Asked about the claim that critical race theory is being taught in lower-level education, Welling said, “Not at all, to my knowledge. I’ve never heard of anyone teaching critical race theory per se at that level.” 

Ben Frazier protesting
FILE – In this June 10, 2021, file photo, Ben Frazier, the founder of the Northside Coalition of Jacksonville chants “Allow teachers to teach the truth” at the end of his public comments opposing the state of Florida’s plans to ban the teaching of critical race theory in public schools during the Department of Education in Jacksonville, Fla. Developed in the 1970s and ’80s, critical race theory is a way of thinking about America’s history through the lens of racism. It centers on the idea that racism is systemic in the nation’s institutions and that they function to maintain the dominance of whites. (Bob Self/The Florida Times-Union via AP, File)

But many American parents, both for and against it, argue that it is, in fact, being taught in lower-level education. Why is this?

Upon researching, the problem does not seem to lie solely on parents or even heavily misguided and opportunistic politicians, but instead on a lack of clarity as to what critical race theory entails.

The clearest thing about critical race theory is its tenets. These include the ideas that racism is a common part of American society, not an anomaly; interests convergence; race as a social construct; anti-essentialism; and counter-narrative. Its tenets are complex. Furthermore, they are a vague outline of what the theory can and can’t offer. That is to say, critical race theory isn’t scary, it’s undefined.

One of the tenets mentioned was anti-essentialism. Anti-essentialism teaches against the idea that those who are in a group or demographic think in the same ways. For example, people of one race often hold a multitude of views based on several factors. This theory contrasts with many mainstream thought processes, including liberal ones. 

Essentialism is often exemplified during election periods—Black voters vote this way, Latino voters vote that way—and is often proven wrong. Ironically, though opposed by many conservatives, this very thought process could benefit them while alleviating their concerns of being vilified.

Critical race theory, for all its faults, does not seem concerned with making all white people be viewed as racists. If anything, it overlooks the individual white person in favor of the idea that the system itself is the problem, not the person. However, it seems that its conservative opponents primarily focus on the theory’s emphasis on the privilege received by white people from the racist systems of power.

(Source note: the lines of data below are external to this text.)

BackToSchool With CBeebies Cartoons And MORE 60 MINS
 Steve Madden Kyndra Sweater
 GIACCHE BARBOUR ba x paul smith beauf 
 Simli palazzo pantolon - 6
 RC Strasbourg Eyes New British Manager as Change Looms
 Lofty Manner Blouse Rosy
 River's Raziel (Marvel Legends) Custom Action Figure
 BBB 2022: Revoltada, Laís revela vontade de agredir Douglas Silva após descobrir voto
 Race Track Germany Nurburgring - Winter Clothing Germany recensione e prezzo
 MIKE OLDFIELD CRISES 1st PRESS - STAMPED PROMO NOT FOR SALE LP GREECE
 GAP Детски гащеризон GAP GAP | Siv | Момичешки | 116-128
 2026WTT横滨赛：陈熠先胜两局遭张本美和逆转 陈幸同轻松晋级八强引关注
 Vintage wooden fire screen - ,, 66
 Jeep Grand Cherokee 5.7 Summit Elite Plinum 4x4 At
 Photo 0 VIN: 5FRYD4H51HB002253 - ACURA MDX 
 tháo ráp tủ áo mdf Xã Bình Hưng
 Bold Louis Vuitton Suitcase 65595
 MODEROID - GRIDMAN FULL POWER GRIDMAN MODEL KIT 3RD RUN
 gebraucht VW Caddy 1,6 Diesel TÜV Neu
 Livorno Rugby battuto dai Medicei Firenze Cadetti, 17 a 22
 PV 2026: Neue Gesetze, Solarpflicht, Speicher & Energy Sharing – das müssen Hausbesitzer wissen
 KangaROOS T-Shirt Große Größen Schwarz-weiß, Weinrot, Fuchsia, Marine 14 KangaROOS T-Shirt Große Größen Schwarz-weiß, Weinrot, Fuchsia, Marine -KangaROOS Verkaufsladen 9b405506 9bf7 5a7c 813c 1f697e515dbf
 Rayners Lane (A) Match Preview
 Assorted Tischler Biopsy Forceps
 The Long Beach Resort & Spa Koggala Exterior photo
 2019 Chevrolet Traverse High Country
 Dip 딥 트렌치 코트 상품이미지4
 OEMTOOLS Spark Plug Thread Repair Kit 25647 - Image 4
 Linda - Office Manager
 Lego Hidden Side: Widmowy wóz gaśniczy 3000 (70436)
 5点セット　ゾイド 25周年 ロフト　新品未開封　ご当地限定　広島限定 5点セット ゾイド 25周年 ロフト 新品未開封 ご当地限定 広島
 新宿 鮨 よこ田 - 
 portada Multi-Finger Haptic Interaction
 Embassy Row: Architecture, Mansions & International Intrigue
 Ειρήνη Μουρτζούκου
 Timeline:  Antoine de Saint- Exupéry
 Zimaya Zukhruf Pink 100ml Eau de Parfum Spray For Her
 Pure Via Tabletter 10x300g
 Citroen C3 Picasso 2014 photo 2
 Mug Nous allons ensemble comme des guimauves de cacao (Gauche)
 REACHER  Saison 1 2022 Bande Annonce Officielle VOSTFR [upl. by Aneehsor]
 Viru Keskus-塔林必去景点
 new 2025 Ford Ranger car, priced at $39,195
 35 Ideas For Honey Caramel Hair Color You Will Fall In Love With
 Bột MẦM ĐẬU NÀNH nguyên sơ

Virginia Gov. Glenn Youngkin, center, signs executive orders in the Governors conference room
Virginia Gov. Glenn Youngkin, center, signs executive orders in the Governors conference room as Lt. Gov. Winsome Earle-Sears, left, Suzanne Youngkin, second from left, Attorney General Jason Miyares, second from right, and Secretary of the Commonwealth, Kay Cole James, right, look on at the Capitol, Jan. 15, 2022, in Richmond, Va. Virginia’s Department of Education is conducting a review designed to root out critical race theory in schools. The review is the first thing Gov. Youngkin ordered after his inauguration and is expected to conclude later this month. Education officials have been reluctant to discuss what they’ve found thus far. While critics of the governor say critical race theory is a nonissue, others say there is ample evidence that the concepts have been embraced by administrators. (AP Photo/Steve Helber)

Welling believes that the fight against critical race theory is a “backlash to lots of things…the summer of 2020, the George Floyd, Breonna Taylor protests.” This may be the case. Google Trends shows that the interest in critical race theory dramatically increased between the end of 2020 and the present day. 

There are multiple forces driving parents and politicians to speak out against critical race theory. However, there does not seem to be much of an effort to replace critical race theory with a doctrine addressing the issue of racism in a clear and defined way that can be taught in K-12 schools.

Welling let me know that critical race theory is “really taught at law schools, especially grad schools.” So, there is certainly a void when having appropriate and serious racial discussions in lower-level education.

It is important to think of critical race theory as a start, not a finish line. Some of the greatest inventions began as faulty prototypes.